[Crawled caption data]
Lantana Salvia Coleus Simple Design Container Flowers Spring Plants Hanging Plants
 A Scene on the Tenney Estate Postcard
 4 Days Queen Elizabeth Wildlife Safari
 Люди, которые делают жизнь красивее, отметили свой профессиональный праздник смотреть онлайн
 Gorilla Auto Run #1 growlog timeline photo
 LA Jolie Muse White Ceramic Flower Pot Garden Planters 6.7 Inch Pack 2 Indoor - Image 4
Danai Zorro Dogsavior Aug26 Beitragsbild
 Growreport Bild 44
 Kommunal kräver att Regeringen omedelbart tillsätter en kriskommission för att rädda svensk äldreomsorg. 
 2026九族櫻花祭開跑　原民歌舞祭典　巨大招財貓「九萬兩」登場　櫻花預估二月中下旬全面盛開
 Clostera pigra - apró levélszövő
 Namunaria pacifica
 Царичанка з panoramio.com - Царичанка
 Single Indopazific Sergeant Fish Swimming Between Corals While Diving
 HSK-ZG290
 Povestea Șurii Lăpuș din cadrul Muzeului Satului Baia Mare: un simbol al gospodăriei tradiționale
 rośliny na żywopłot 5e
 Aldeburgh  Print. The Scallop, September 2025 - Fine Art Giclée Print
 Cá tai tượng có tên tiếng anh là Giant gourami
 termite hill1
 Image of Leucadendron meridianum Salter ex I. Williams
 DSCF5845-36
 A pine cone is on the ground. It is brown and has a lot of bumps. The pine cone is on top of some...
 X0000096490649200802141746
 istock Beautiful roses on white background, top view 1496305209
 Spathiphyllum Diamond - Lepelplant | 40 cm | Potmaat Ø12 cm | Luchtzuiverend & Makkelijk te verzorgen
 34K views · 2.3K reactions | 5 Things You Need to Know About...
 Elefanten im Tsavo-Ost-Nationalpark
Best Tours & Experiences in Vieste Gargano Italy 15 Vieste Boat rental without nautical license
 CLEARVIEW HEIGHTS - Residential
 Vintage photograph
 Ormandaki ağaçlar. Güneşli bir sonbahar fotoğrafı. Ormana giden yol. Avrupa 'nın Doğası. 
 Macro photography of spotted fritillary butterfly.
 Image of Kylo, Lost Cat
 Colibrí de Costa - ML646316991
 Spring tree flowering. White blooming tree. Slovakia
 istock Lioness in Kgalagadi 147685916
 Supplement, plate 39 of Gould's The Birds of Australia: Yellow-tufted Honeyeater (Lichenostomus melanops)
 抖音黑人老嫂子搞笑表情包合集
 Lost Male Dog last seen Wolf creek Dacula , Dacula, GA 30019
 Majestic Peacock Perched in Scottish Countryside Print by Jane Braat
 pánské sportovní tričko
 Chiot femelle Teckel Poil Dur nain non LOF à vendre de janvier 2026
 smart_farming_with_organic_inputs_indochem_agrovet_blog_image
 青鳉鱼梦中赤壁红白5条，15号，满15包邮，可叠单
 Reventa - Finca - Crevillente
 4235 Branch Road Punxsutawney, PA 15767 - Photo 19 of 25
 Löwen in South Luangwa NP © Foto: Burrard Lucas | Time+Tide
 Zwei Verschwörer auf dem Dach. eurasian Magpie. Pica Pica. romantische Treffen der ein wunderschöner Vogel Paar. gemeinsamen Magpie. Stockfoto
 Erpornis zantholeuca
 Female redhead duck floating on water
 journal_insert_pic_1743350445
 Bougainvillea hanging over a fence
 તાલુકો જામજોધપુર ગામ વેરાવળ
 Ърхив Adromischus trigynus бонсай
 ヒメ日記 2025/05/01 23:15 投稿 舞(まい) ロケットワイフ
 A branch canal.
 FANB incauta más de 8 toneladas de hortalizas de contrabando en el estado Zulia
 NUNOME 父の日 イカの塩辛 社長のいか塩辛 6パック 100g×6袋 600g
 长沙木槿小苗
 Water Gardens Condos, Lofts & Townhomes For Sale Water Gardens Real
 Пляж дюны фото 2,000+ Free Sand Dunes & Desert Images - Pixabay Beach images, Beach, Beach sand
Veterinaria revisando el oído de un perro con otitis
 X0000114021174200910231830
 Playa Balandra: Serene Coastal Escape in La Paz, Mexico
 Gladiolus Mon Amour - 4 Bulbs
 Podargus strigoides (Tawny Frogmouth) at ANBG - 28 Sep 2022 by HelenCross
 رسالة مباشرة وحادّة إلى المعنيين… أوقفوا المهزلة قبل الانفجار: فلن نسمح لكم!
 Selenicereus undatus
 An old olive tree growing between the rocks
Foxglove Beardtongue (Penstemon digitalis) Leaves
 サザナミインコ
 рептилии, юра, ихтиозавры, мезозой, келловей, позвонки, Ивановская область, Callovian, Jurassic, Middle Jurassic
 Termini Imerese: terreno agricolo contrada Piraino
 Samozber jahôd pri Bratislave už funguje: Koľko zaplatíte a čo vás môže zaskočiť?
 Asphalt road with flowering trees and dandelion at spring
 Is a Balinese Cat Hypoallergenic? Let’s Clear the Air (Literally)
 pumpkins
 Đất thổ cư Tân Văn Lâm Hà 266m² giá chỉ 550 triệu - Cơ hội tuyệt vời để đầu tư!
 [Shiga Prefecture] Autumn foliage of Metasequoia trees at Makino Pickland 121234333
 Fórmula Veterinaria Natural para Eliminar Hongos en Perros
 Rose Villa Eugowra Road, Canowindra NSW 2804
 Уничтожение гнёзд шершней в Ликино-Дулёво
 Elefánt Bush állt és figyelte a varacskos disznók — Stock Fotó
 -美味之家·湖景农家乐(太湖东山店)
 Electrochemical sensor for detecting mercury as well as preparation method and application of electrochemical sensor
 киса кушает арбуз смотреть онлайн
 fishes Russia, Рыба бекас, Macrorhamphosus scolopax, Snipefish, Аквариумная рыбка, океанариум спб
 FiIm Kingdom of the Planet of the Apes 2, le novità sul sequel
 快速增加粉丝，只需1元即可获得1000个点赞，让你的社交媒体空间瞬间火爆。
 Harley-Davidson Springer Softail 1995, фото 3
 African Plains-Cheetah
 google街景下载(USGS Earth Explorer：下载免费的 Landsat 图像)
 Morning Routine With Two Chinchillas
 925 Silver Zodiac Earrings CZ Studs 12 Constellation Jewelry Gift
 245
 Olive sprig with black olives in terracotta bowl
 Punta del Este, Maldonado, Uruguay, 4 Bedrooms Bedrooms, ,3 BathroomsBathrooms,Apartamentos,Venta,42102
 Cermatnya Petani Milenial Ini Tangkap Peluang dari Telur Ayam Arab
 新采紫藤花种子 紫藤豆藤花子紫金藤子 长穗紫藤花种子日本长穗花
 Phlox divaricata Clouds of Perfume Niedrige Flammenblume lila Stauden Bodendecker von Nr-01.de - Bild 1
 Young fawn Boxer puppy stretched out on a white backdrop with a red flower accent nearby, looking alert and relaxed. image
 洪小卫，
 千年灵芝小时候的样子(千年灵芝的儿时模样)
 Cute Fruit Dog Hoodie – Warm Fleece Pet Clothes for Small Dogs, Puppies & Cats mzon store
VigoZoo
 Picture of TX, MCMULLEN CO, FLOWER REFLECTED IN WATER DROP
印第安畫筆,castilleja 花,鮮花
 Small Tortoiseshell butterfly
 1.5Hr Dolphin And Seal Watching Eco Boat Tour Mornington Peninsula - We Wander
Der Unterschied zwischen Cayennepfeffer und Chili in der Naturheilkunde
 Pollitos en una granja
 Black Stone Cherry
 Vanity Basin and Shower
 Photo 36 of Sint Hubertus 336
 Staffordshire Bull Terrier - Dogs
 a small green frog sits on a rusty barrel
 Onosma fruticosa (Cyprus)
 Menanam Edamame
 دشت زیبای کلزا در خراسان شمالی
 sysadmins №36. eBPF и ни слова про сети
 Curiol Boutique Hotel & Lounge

# WHAT YOU HAVE TO DO
Give the number of lines in the records above that contain the word "Boat", and nothing more.

# SOLUTION BELOW
2